2015-08-30 13:41:57,635 ERROR [org.ovirt.engine.core.vdsbroker.VmsMonitoring] (ForkJoinPool-1-worker-132) [] Failed during vms monitoring on host host_mixed_2 error is: java.lang.NullPointerException
2015-08-30 13:41:57,635 ERROR [org.ovirt.engine.core.vdsbroker.VmsMonitoring] (ForkJoinPool-1-worker-132) [] Exception:: java.lang.NullPointerException
	at org.ovirt.engine.core.vdsbroker.VmAnalyzer.proceedBalloonCheck(VmAnalyzer.java:359) [vdsbroker.jar:]
	at org.ovirt.engine.core.vdsbroker.VmAnalyzer.analyze(VmAnalyzer.java:118) [vdsbroker.jar:]
	at org.ovirt.engine.core.vdsbroker.VmsMonitoring.refreshVmStats(VmsMonitoring.java:215) [vdsbroker.jar:]
	at org.ovirt.engine.core.vdsbroker.VmsMonitoring.perform(VmsMonitoring.java:147) [vdsbroker.jar:]
	at org.ovirt.engine.core.vdsbroker.jsonrpc.EventVmStatsRefresher$1.onNext(EventVmStatsRefresher.java:66) [vdsbroker.jar:]
	at org.ovirt.engine.core.vdsbroker.jsonrpc.EventVmStatsRefresher$1.onNext(EventVmStatsRefresher.java:47) [vdsbroker.jar:]
	at org.ovirt.vdsm.jsonrpc.client.events.EventPublisher$EventCallable.call(EventPublisher.java:114) [vdsm-jsonrpc-java-client.jar:]
	at org.ovirt.vdsm.jsonrpc.client.events.EventPublisher$EventCallable.call(EventPublisher.java:89) [vdsm-jsonrpc-java-client.jar:]
	at java.util.concurrent.ForkJoinTask$AdaptedCallable.exec(ForkJoinTask.java:1288) [rt.jar:1.7.0_85]
	at java.util.concurrent.ForkJoinTask.doExec(ForkJoinTask.java:334) [rt.jar:1.7.0_85]
	at java.util.concurrent.ForkJoinWorkerThread.execTask(ForkJoinWorkerThread.java:604) [rt.jar:1.7.0_85]
	at java.util.concurrent.ForkJoinPool.scan(ForkJoinPool.java:784) [rt.jar:1.7.0_85]
	at java.util.concurrent.ForkJoinPool.work(ForkJoinPool.java:646) [rt.jar:1.7.0_85]
	at java.util.concurrent.ForkJoinWorkerThread.run(ForkJoinWorkerThread.java:398) [rt.jar:1.7.0_85]

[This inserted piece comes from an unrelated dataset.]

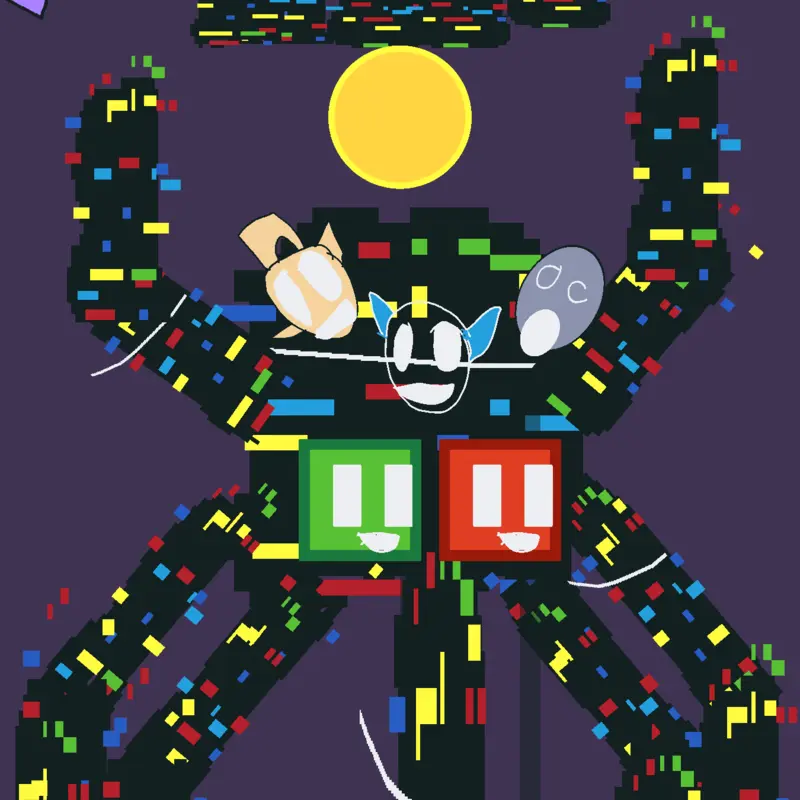 Game by @skybuster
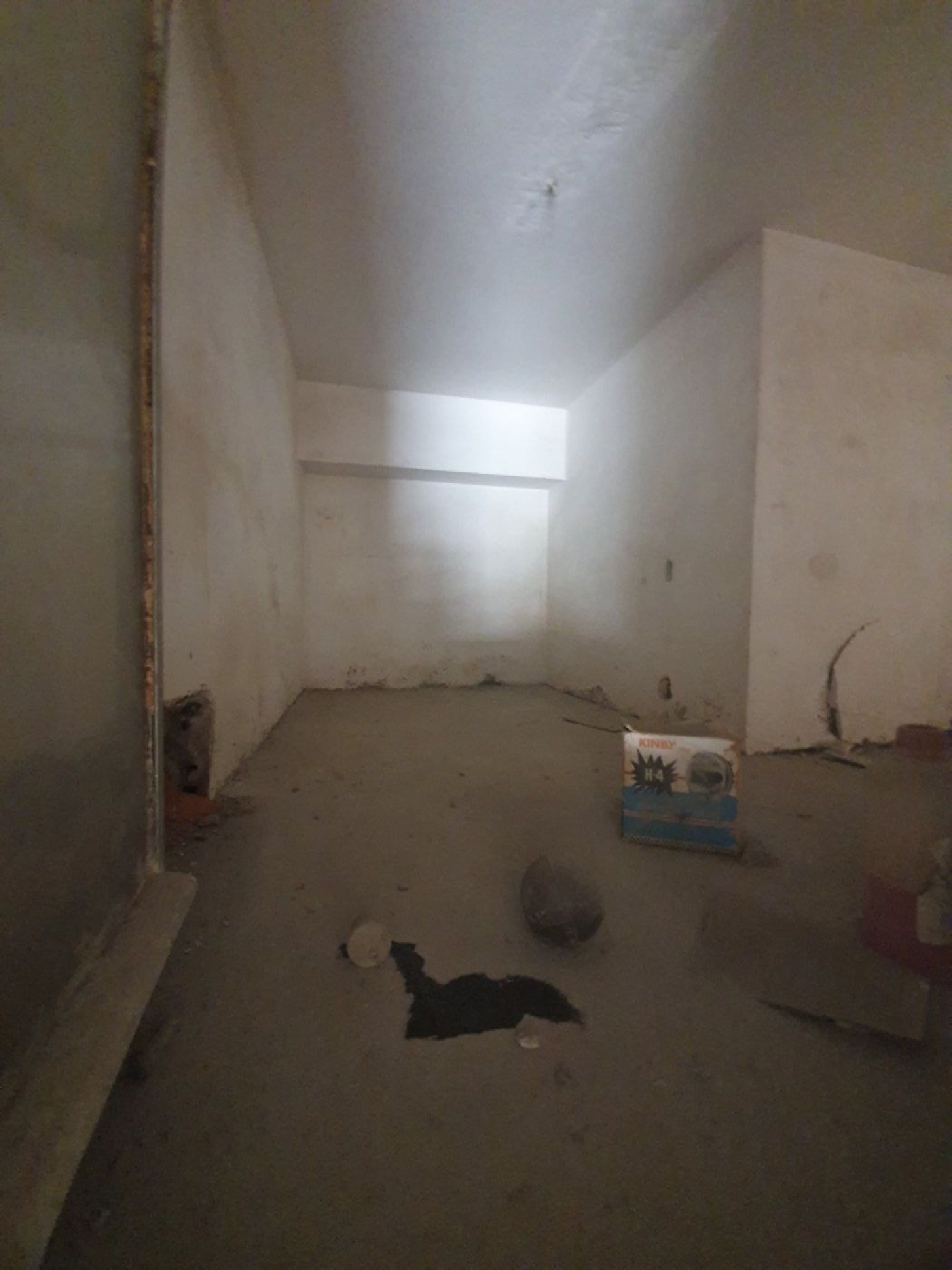  till salu lokal Barrio Alto-San Félix-Los Ángeles-Cruz Caravaca-Piedra Redonda-Almendros Comarca Metropolitana De Almería 7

Comment 5 Omer Frenkel 2015-09-01 11:23:43 UTC
i cannot reproduce this, can you please attach the engine.log for this time?
also what is your vdsm version ?

Comment 6 Shira Maximov 2015-09-08 07:15:11 UTC
Created attachment 1071212 [details]
hosts logs

Comment 7 Shira Maximov 2015-09-08 07:15:39 UTC
Created attachment 1071213 [details]
rhevm logs

Comment 8 Shira Maximov 2015-09-08 07:19:08 UTC
i'v attached the log, you can see the error in 13:42

the vdsm version:
vdsm-4.17.3-1.el7ev.noarch

also you can see the link for the automation test: 
https://rhev-jenkins.rhev-ci-vms.eng.rdu2.redhat.com/view/3.6_Dev/job/3.6-GE-compute/208/testReport/junit/rhevmtests.sla.mom.mom_test/004-Balloon_REST;test_e_balloon_no_agent/Balloon_REST_test_e_balloon_no_agent/

Comment 9 Shira Maximov 2015-09-10 07:51:46 UTC
i verified this bug on : 
Red Hat Enterprise Virtualization Manager Version: 3.6.0-0.13.master.el6

Comment 11 Sandro Bonazzola 2015-11-04 11:18:46 UTC
oVirt 3.6.0 has been released on November 4th, 2015 and should fix this issue.
If problems still persist, please open a new BZ and reference this one.